● **ASSIGNMENT**: Would you please repeat all of the data exactly, omitting the pictures?

● **INFORMATION SHOWN**:

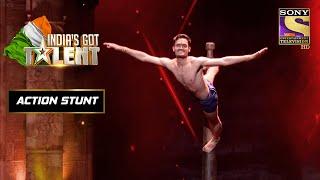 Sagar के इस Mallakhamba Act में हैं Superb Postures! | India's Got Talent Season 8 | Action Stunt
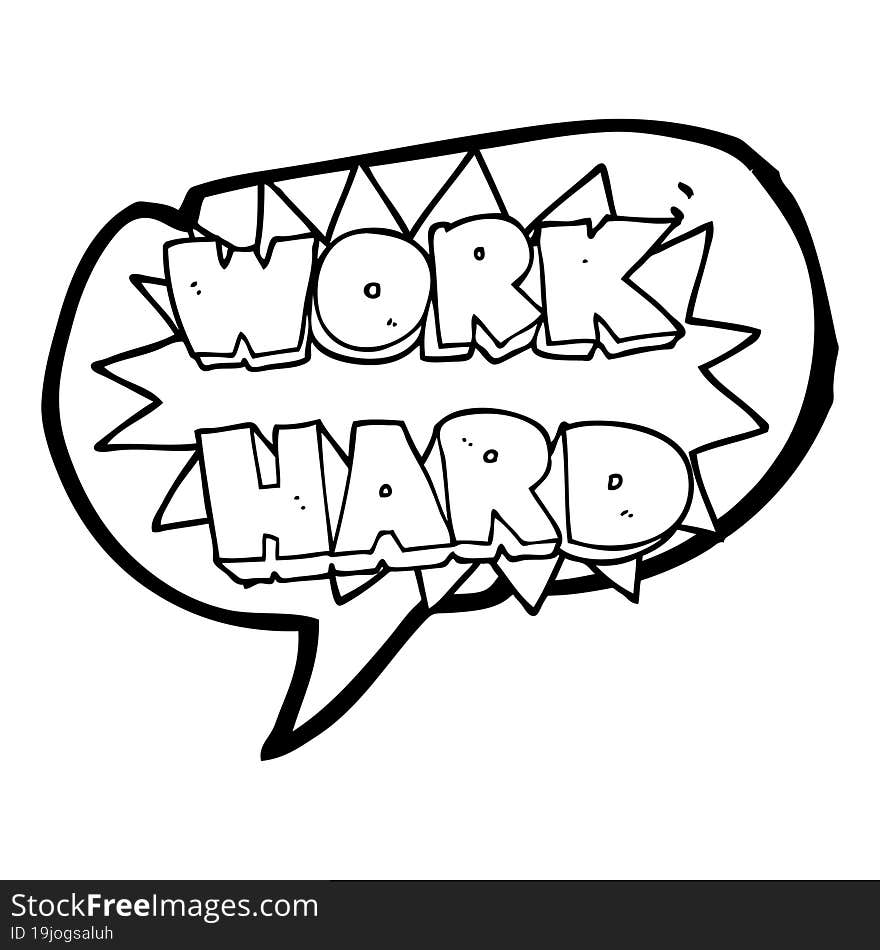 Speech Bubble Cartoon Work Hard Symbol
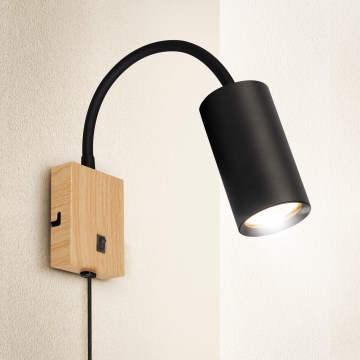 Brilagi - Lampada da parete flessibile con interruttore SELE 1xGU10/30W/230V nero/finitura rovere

● **REPLY**:
 Sagar के इस Mallakhamba Act में हैं Superb Postures! | India's Got Talent Season 8 | Action Stunt
 Speech Bubble Cartoon Work Hard Symbol
 Brilagi - Lampada da parete flessibile con interruttore SELE 1xGU10/30W/230V nero/finitura rovere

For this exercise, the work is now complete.